There are no firm answers available to that question. But we can offer a few ground rules.

  1. Be sure to analyze your need for interviews bottom up. That is, you need to build up your sample from the lowest group of interest. If you really want to know how young women 18-29 years view your site, it doesn´t make sense to set an overall target of 1000 interviews (which is common in many market research studies). Instead, you should aim for, say, 250 interviews with young women and then monitor the number of interviews completed in this group (by exporting the data-file from UserReport to, for example, a spreadsheet where can see all individual records).

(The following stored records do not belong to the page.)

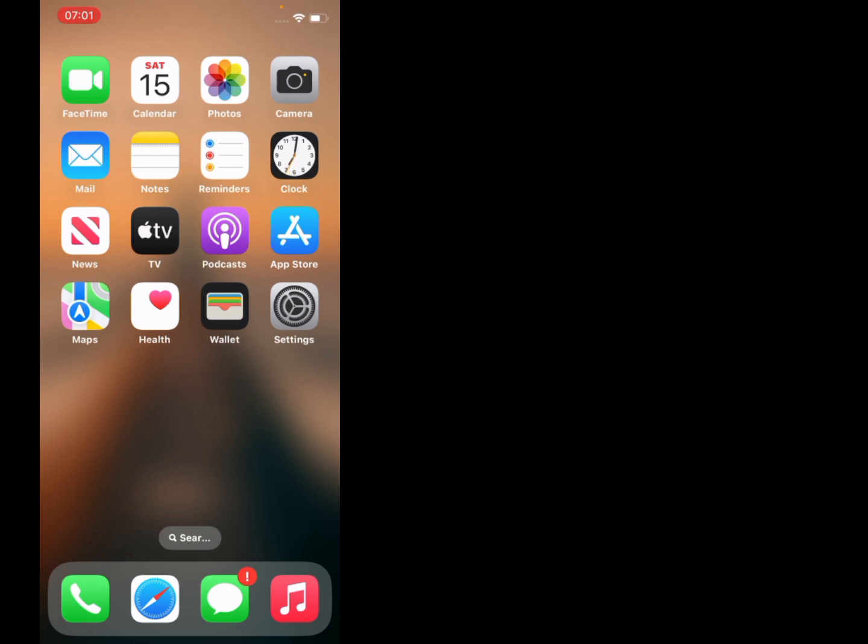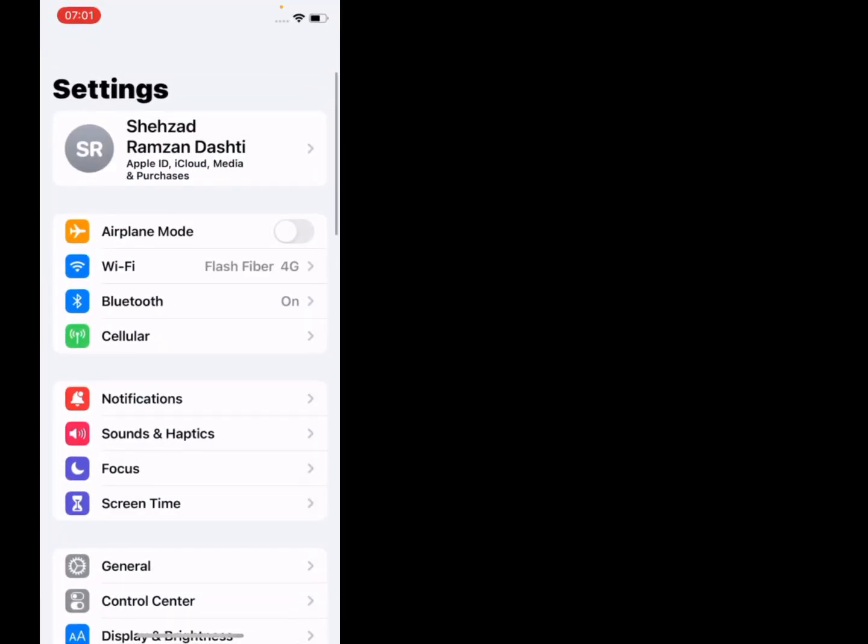Without wasting any time, let's start the video. Firstly, tap on Settings. You can see many options appear on screen.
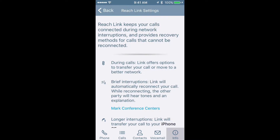I want to talk about the Reach Link for a moment — this is a really cool feature. What Reach Link allows you to do is have a call stay connected if you have a bad cell phone signal. For example, if I'm getting into an elevator and I'm talking to somebody on the Reach app, I can tell that person we may get a little bit of silence because I don't have a good signal going in the elevator. You get in the elevator and the link technology keeps that call connected. When you get off the elevator, you've got full audio, and all the time you were in the elevator, the call didn't drop.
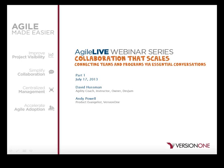Welcome, and thank you for joining our Agile Live Webinar Series on Collaboration that Scales, Connecting Teams and Programs via Essential Conversations. My name is Andy Powell, a Product Evangelist for Version 1, and I'll be hosting today's event.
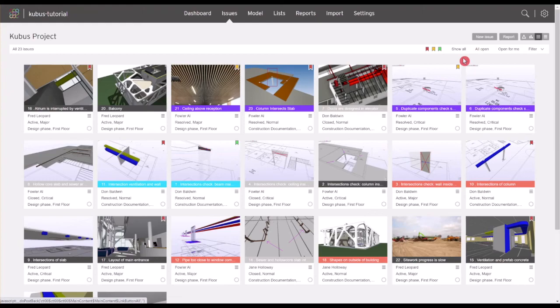Now that you've learned how to work with issues in BIM Collab Cloud, watch the next video to learn more about the BIM Collab workflow.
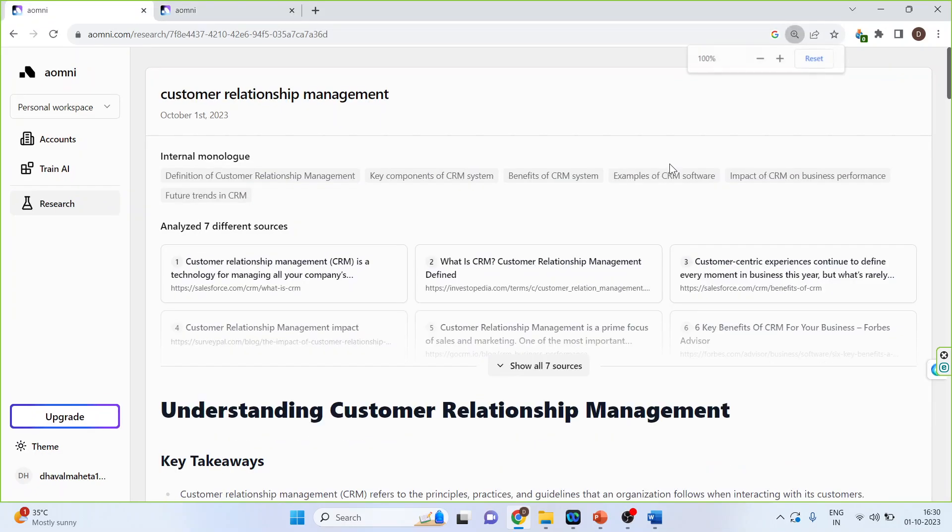It has generated this result and you can see the internal monologues. They are basically the chapters which can be included in your paper, in your dissertation for the customer relationship management. So this particular article has been written from seven different sources.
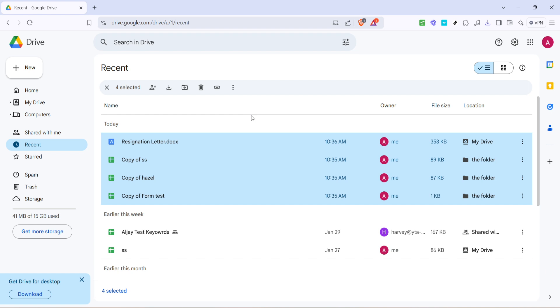With your desired file or files selected, it's time to remove them from the recent list. Look towards the top of your screen where you see various menu options appear once you have a file selected. Among these icons, you'll notice one that resembles a trash can. This is your delete button. Go ahead and click on the delete icon.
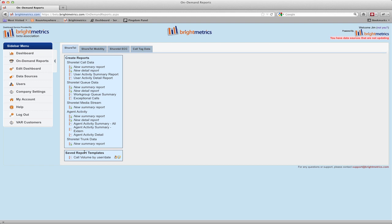If you have no reports saved or shared with you, this will say none. Otherwise, any reports you've created and saved or that have been shared with you will show here. We'll cover the Create Reports area in the Creating and Editing On-Demand Reports video. Let's first select a report from the Saved Report Templates area.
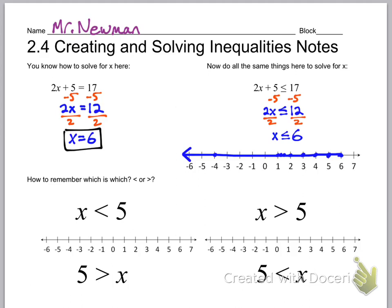Everything to the left of 6 is included when we say less than or equal to 6 on the number line. Now, how do you remember if it's less than or greater than? Look closely — I blew this up so you can see it. This expression has x and the arrow pointing toward 5. Notice the right side of the arrow is big and the left side is small. That is the best way to remember this.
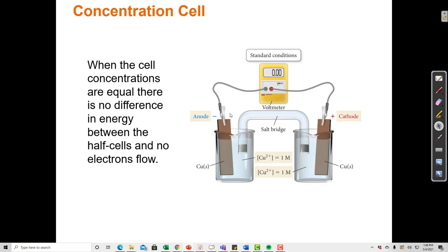Here's an example of a concentration cell. Each side has solid copper and copper 2+ ions — the same half reaction on each side. When both sides are one molar, the standard cell potential is zero, because there's no drive for electrons to move in one direction or the other. This makes sense: under standard conditions both sides must be one molar, and if they're the same, the cell potential is zero.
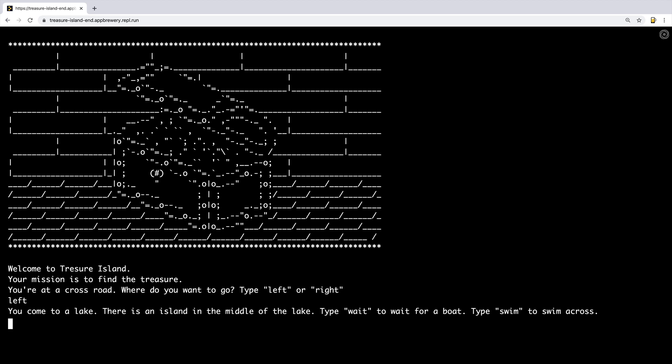You come to a lake, there's an island in the middle of the lake. Type wait to wait for a boat, type swim to swim across. I'm going to wait for a boat.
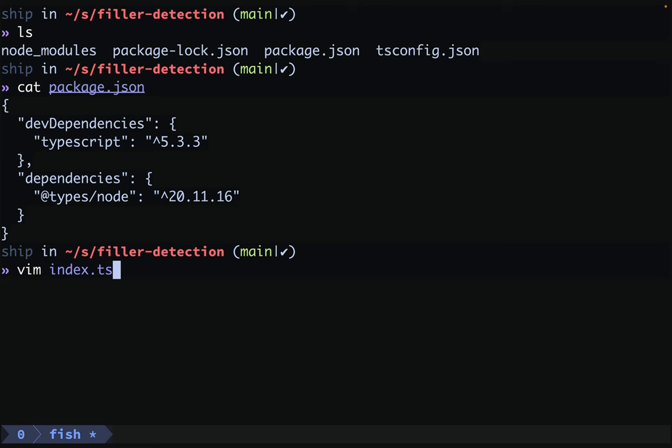We'll start with a new TypeScript project. Looking at our package.json, all we have set up is TypeScript and our node types. We edit index.ts and we're ready to go.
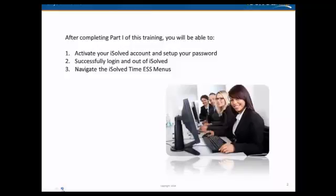In this video, you'll learn how to set up your iSolve account and password, successfully log in and log out of iSolve, and navigate the ESS iSolve time menu.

  2. Following this, a workable rule is to say that you need 200-250 interview in any of the groups in which you have a specific interest (often such groups are defined in demographic terms: male/female, young/old etc.). If you want valid results for both men and women (but no additional breakdowns to, for example, young men and young women) and your site has an equal proportion of both sexes among visitors, then you are okay with an overall sample of 500 interviews. You may find also useful to use customer personas to better define the groups you are most interested in and follow their answers’ patterns. You can read more about customer personas here.

  3. When you make tracking surveys, meaning that you track website performance from, say, quarter to quarter, it´s a good idea to keep a low-frequency survey running at all times instead of collecting all your interviews in one or two spikes. This makes evaluations less vulnerable to one-off events such as good/bad media coverage, individual campaigns and so forth. The UserReport system makes it possible for you to aggregate interviews throughout any time-period you desire.

  4. Conversely, if you wish to measure the exact effect of a specific campaign or news event you should, of course, make sure to launch the survey immediately after (and/or during) the event. If possible, do so also before the event in order to isolate the impact of the event. This is particularly pertinent if you want to measure how people evaluate changes on the website.